TASK DESCRIPTION ▸
The answer must be an exact reprint of the lines from the one with "Twinkle Twinkle Little" through the final line of the data, with no pictures included.

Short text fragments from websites
----

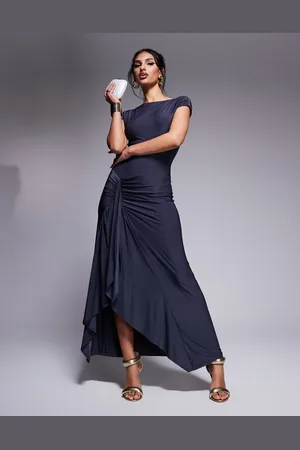 Kaiia Exclusive slinky cap sleeve side split drape detail maxi dress in charcoal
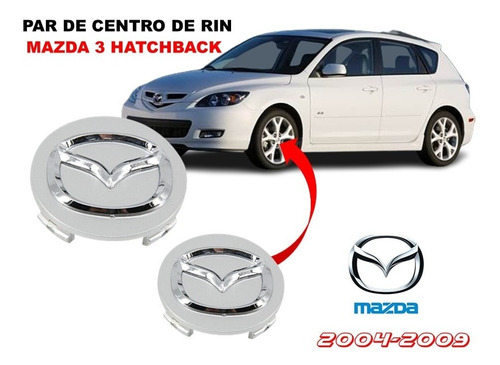 Par Centros Rin Cromados Mazda 3 Hatchback 2004-2009 56 Mm Foto 3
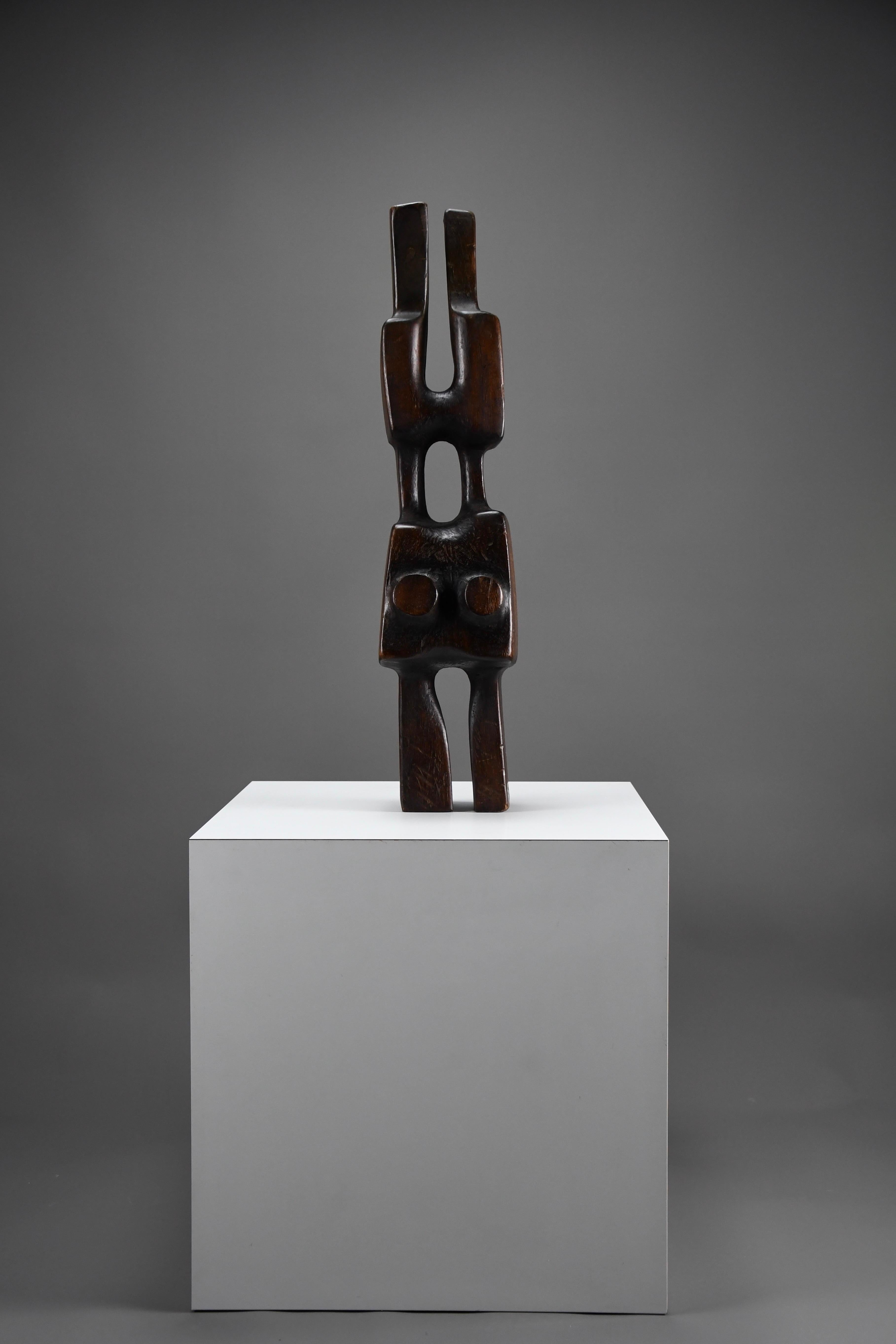 Escultura abstracta única de madera moderna de mediados de siglo en Bueno estado para la venta en Weesp, NL
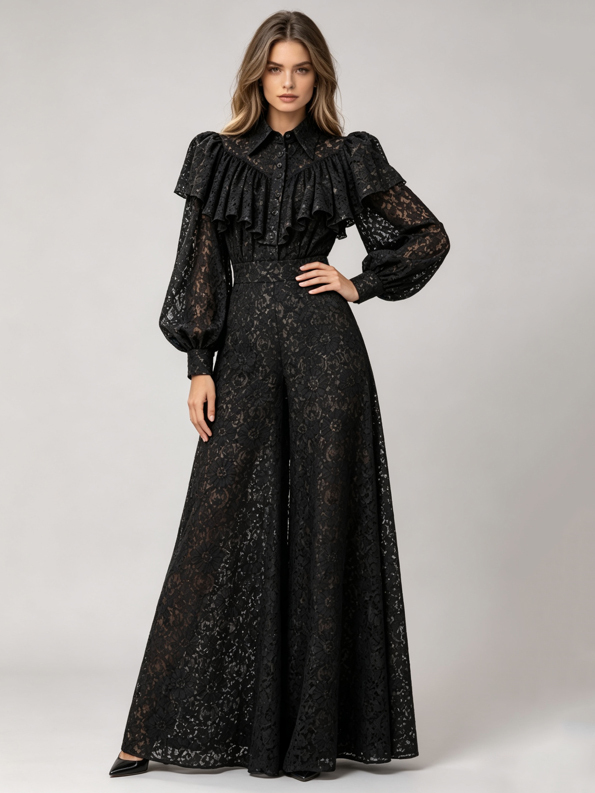 TWOTWINSTYLE Lapel Long Sleeve Spliced Ruffles Blouse Tunic Lace Pants Chic Set
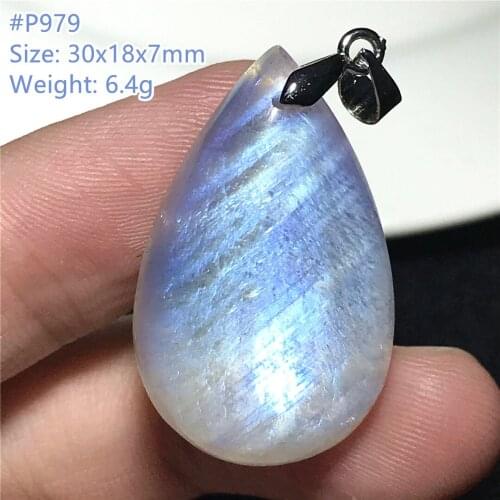 Genuine Natural Heart Moonstone Pendant Necklace For Woman Lady 19x7mm Beads Blue Light Crystal 925 Silver Chain Jewelry AAAAA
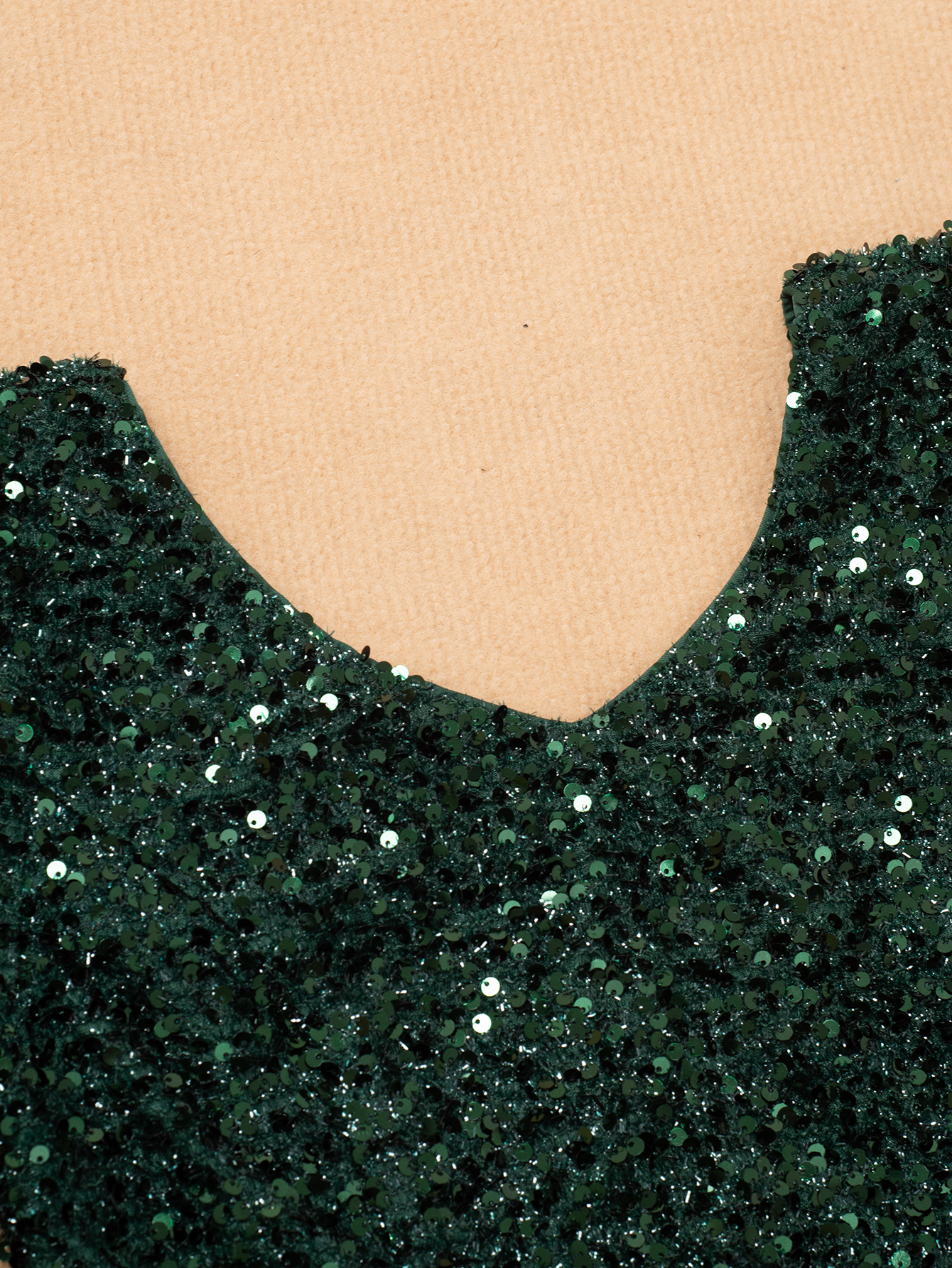 Women Spring/Summer V-Neck Sequined Short-Sleeved Dark Green Maxi Bodycon Evening Dress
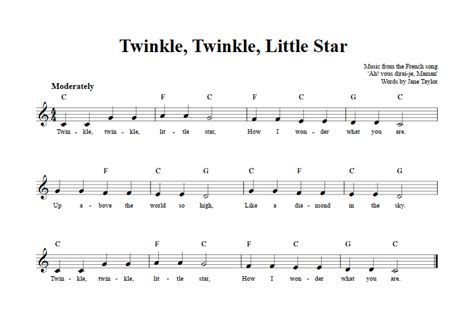 Twinkle Twinkle Little Star C Instrument Sheet Music Lead Sheet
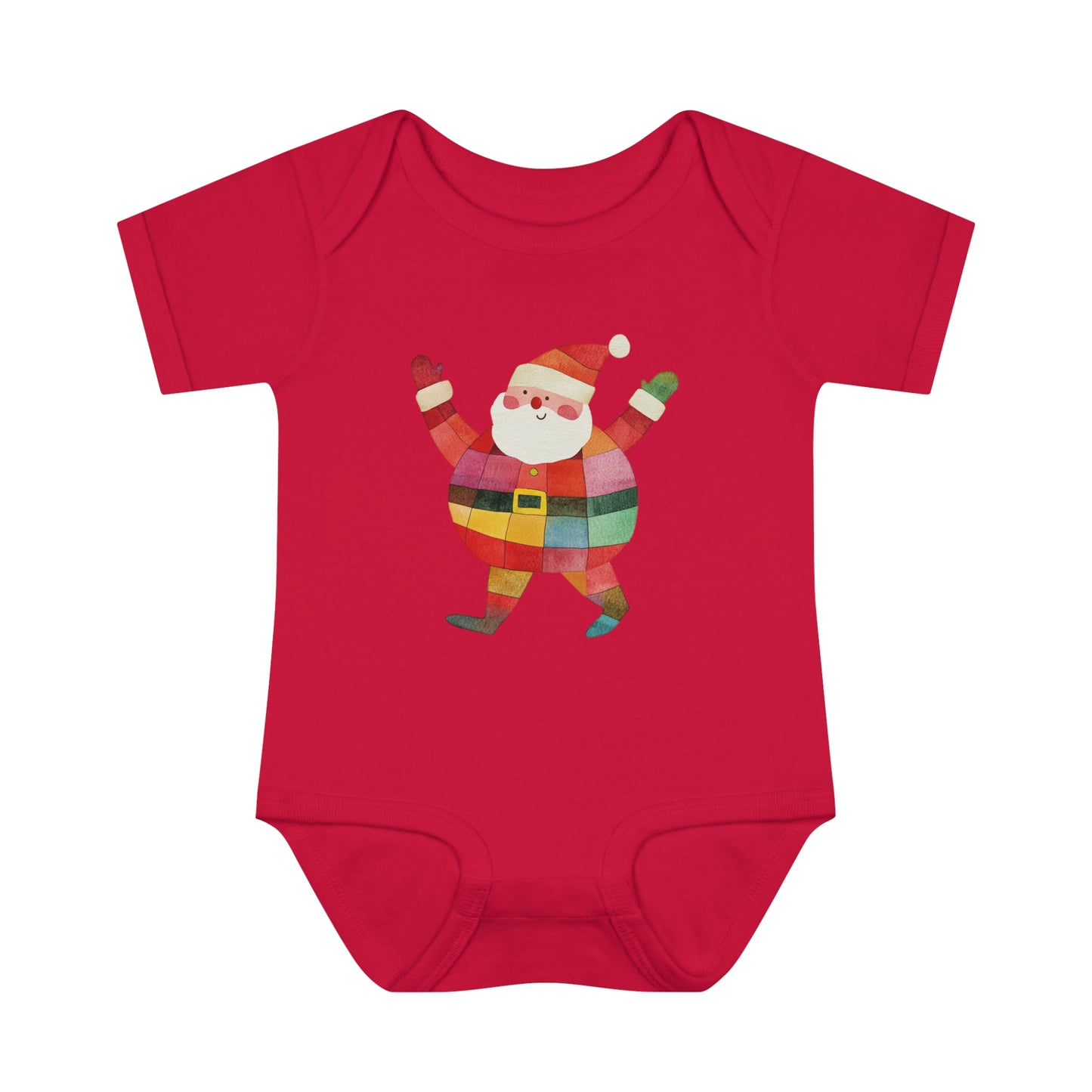 Cute Colorful Santa Infant Baby Rib Bodysuit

----

TASK ANSWER ▸
 Twinkle Twinkle Little Star C Instrument Sheet Music Lead Sheet
 Cute Colorful Santa Infant Baby Rib Bodysuit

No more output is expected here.